Feature Importance Guided Attack: A Model Agnostic Adversarial Attack
This work addresses the problem of adversarial robustness for tabular data in domains like phishing detection, presenting a novel attack method that is incremental in extending existing feature selection approaches.
The paper tackles the challenge of generating adversarial attacks on heterogeneous tabular datasets by proposing the Feature Importance Guided Attack (FIGA), a model-agnostic method that perturbs important features to evade detection models, achieving an average success rate of 94% in feature space and 13.05% in problem space.

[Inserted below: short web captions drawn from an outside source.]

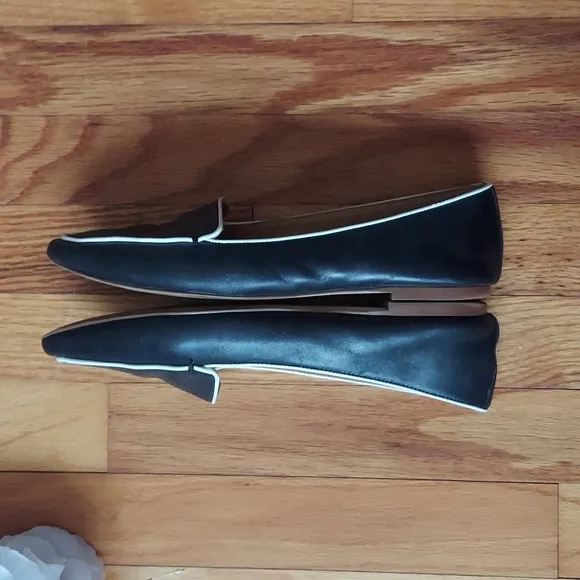 J. Crew Black Pointed Toe Leather Loafers With White Piping Detail Size 8 EUC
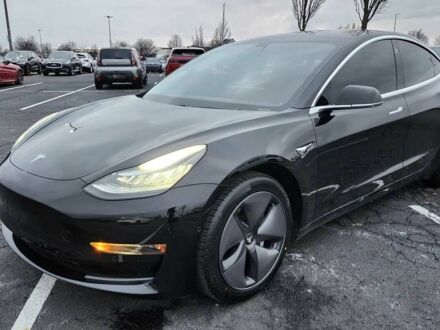 Черный Тесла Модель 3, объемом двигателя 0 л и пробегом 37 тыс. км за 8900 $, фото 1 на Automoto.ua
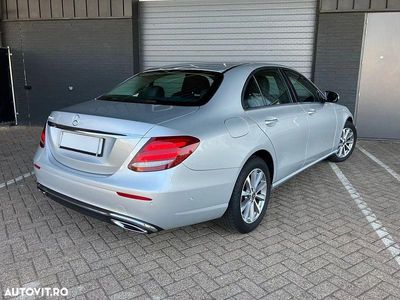 Mercedes E200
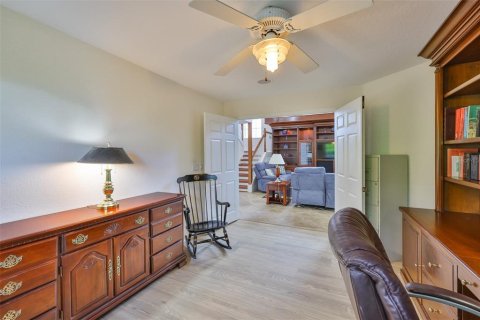 House in Apollo Beach, Florida 4 bedrooms, 483.65 sq.m. № 1808325 - photo 14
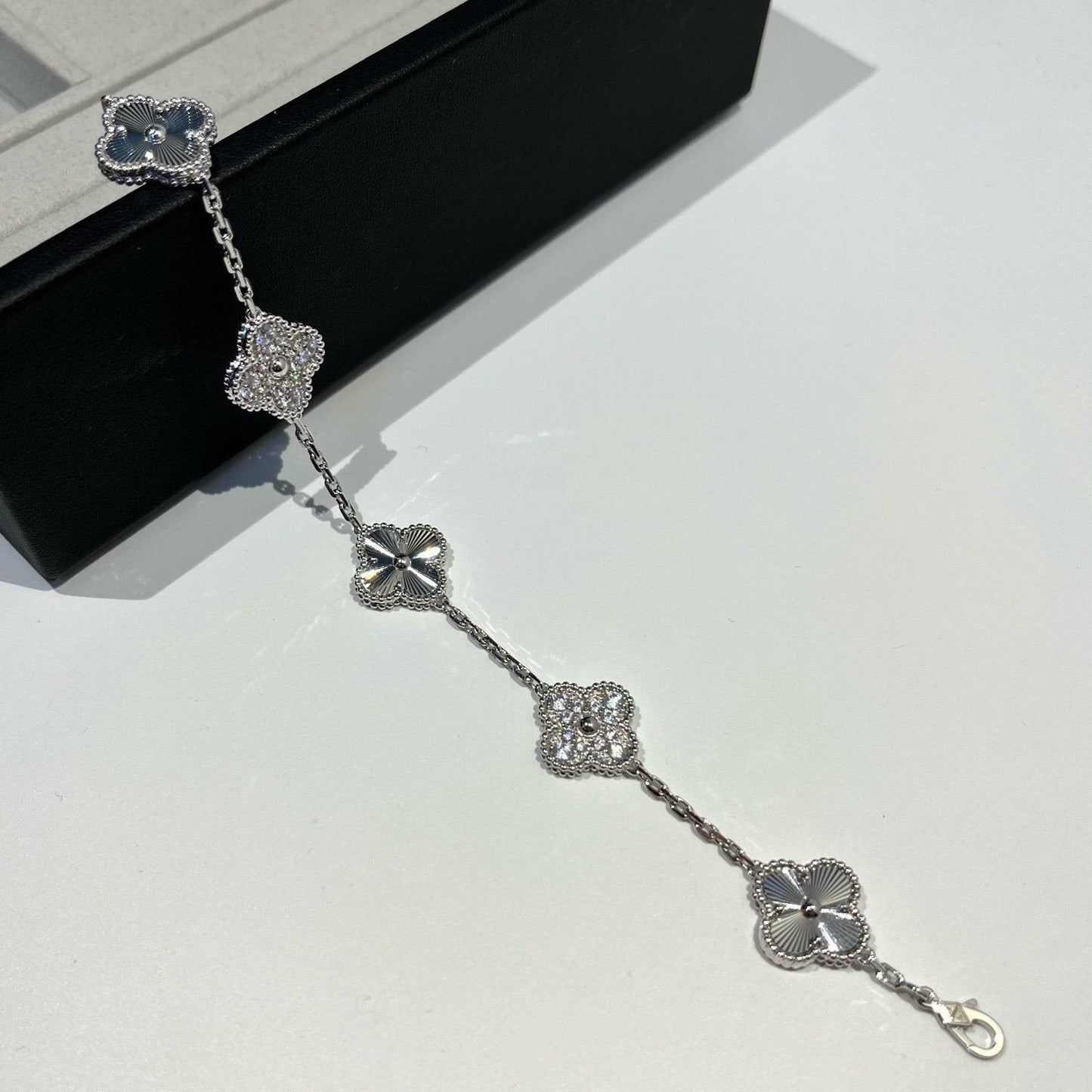 [Clara Jewels] CLOVER 5 MOTIF LASER BRACELET COLLECTION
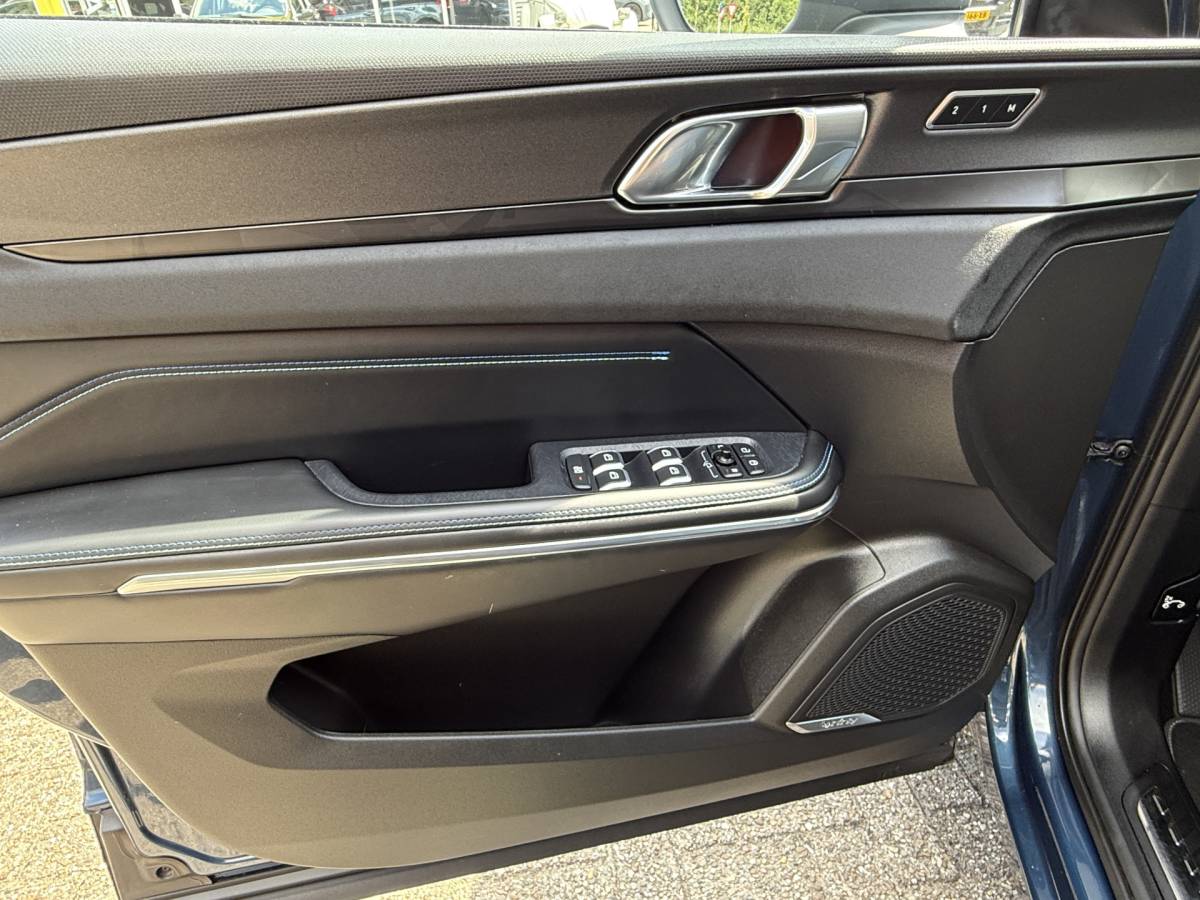 Lynk & Co 01 Lynk & Co 01 1.5 Hybrid | Trekhaak | LED | 360 camera | Keyless | Adapt. Cruise | Apple Carplay | Pano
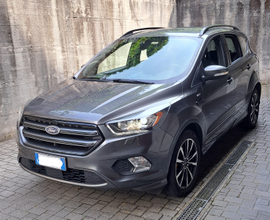 Ford Kuga St-line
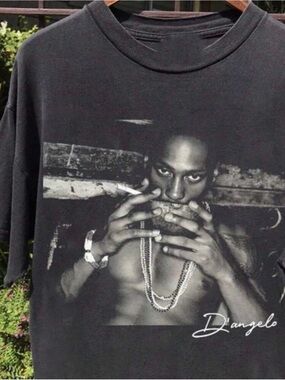 D’Angelo Graphic Tee -Men’s Shirt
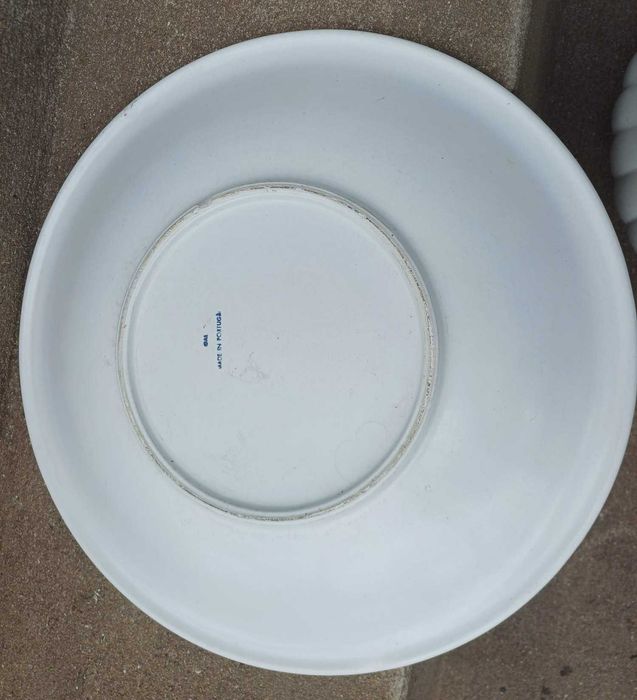 Terrina de centro de mesa, com prato, tampa e concha, em loiça branca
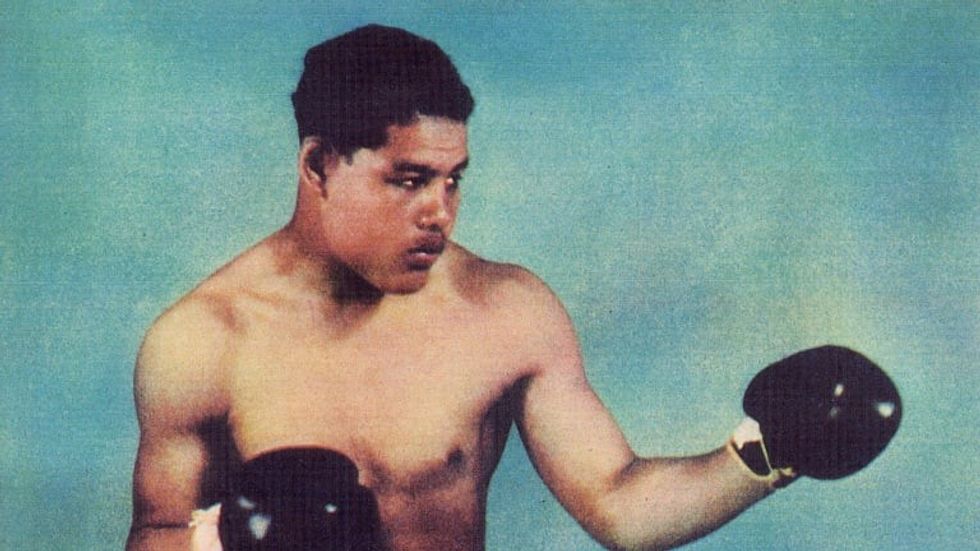 boxer joe louis before his fight with max schmeling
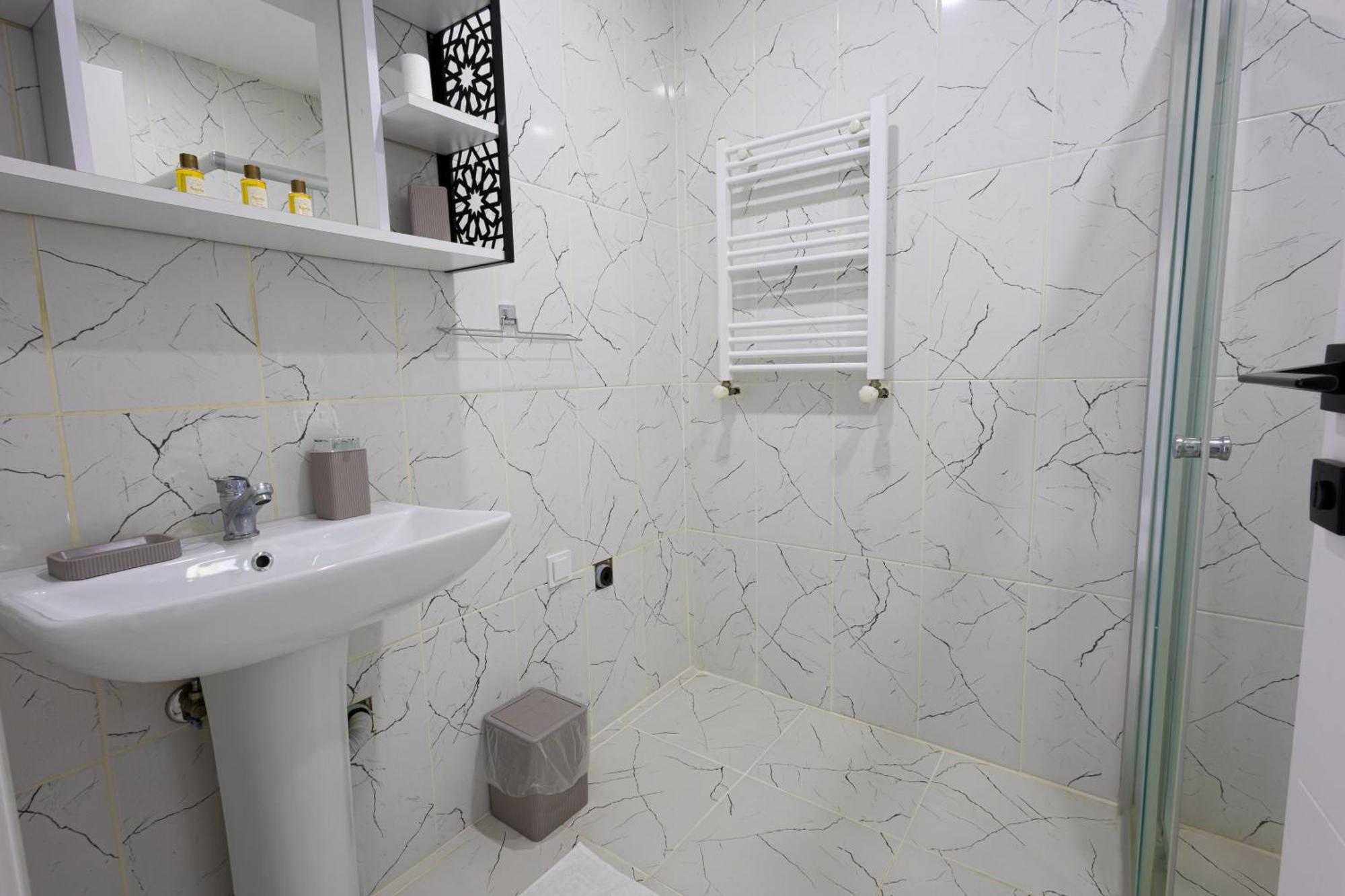 Aparthotel Zal *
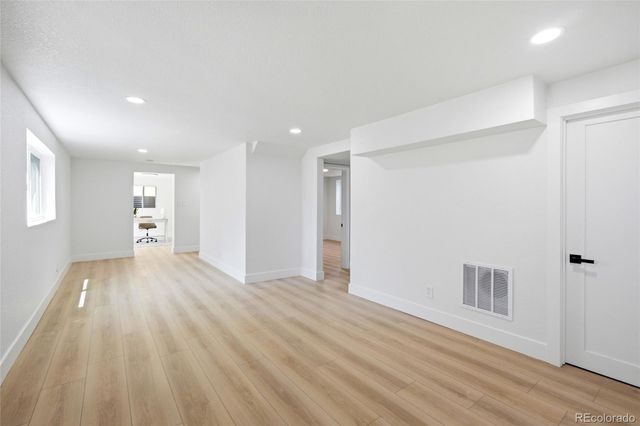 5955 W 7th Ave, Denver, CO 80214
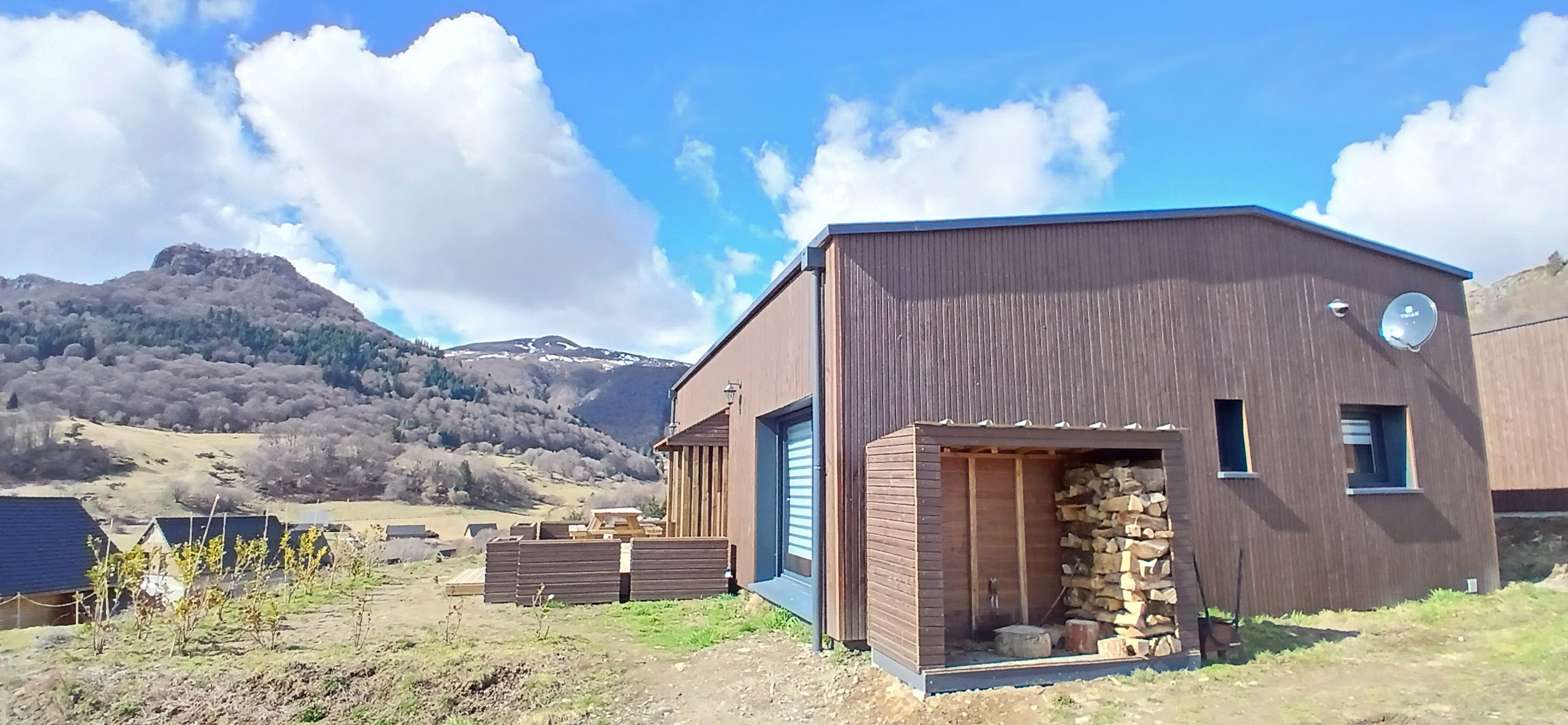 Chalet La Renardière, Moneaux, Chambon sur lac - Vue extérieure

Research in adversarial learning has primarily focused on homogeneous unstructured datasets, which often map into the problem space naturally. Inverting a feature space attack on heterogeneous datasets into the problem space is much more challenging, particularly the task of finding the perturbation to perform. This work presents a formal search strategy: the `Feature Importance Guided Attack' (FIGA), which finds perturbations in the feature space of heterogeneous tabular datasets to produce evasion attacks. We first demonstrate FIGA in the feature space and then in the problem space. FIGA assumes no prior knowledge of the defending model's learning algorithm and does not require any gradient information. FIGA assumes knowledge of the feature representation and the mean feature values of defending model's dataset. FIGA leverages feature importance rankings by perturbing the most important features of the input in the direction of the target class. While FIGA is conceptually similar to other work which uses feature selection processes (e.g., mimicry attacks), we formalize an attack algorithm with three tunable parameters and investigate the strength of FIGA on tabular datasets. We demonstrate the effectiveness of FIGA by evading phishing detection models trained on four different tabular phishing datasets and one financial dataset with an average success rate of 94%. We extend FIGA to the phishing problem space by limiting the possible perturbations to be valid and feasible in the phishing domain. We generate valid adversarial phishing sites that are visually identical to their unperturbed counterpart and use them to attack six tabular ML models achieving a 13.05% average success rate.